DATA PROVIDED:

******************************

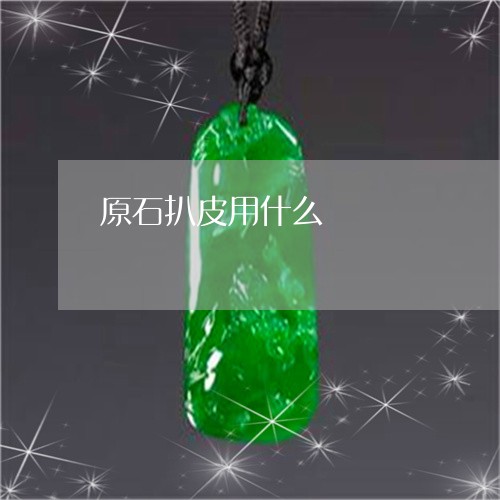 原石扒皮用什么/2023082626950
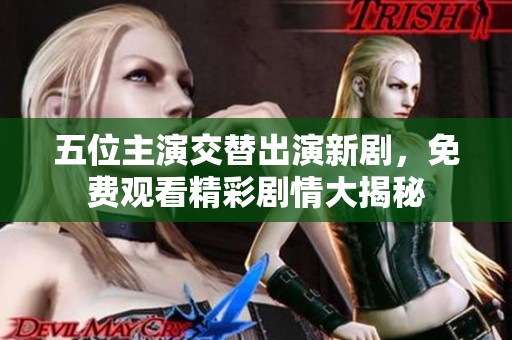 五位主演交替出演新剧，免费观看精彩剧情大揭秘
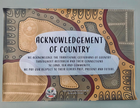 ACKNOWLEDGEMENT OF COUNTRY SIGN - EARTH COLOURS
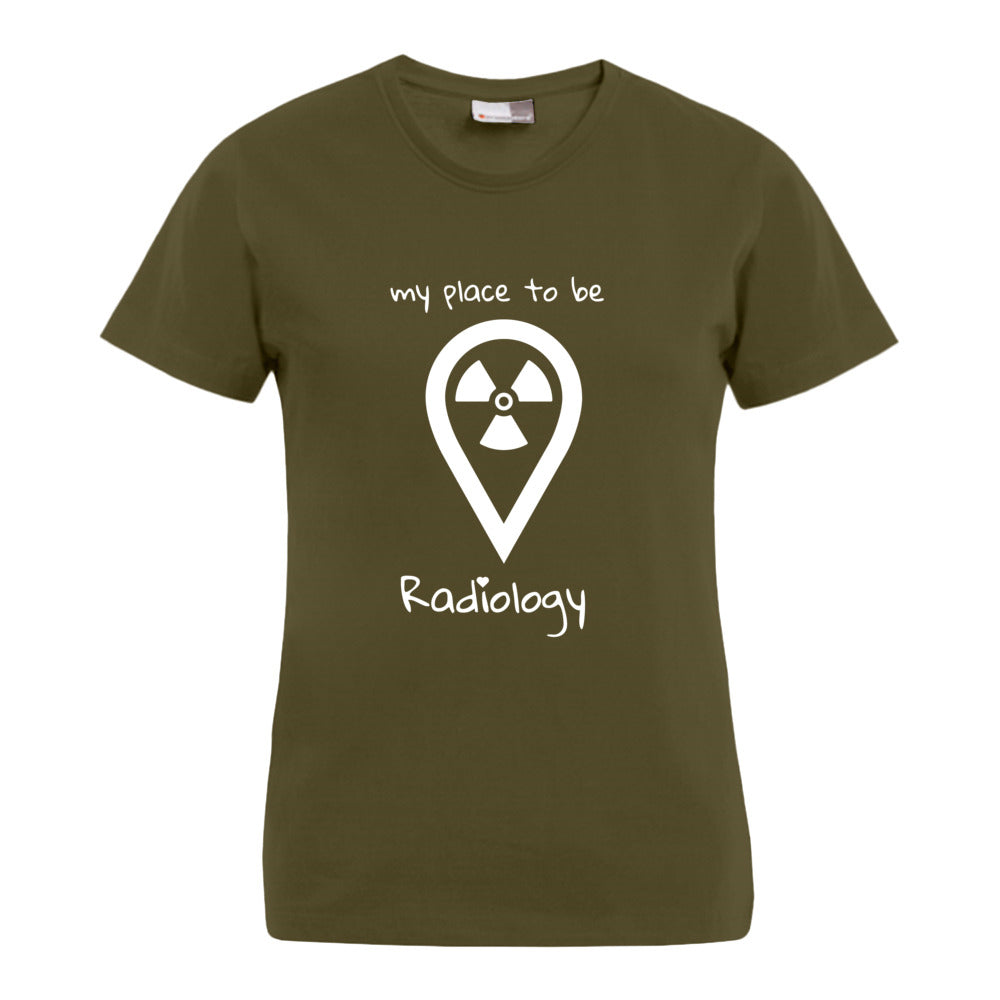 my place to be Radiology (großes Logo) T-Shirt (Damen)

******************************

ASSIGNMENT: Your copy of the data above should match it exactly, apart from the images.

ANSWER TO THE EXERCISE:
 原石扒皮用什么/2023082626950
 五位主演交替出演新剧，免费观看精彩剧情大揭秘
 ACKNOWLEDGEMENT OF COUNTRY SIGN - EARTH COLOURS
 my place to be Radiology (großes Logo) T-Shirt (Damen)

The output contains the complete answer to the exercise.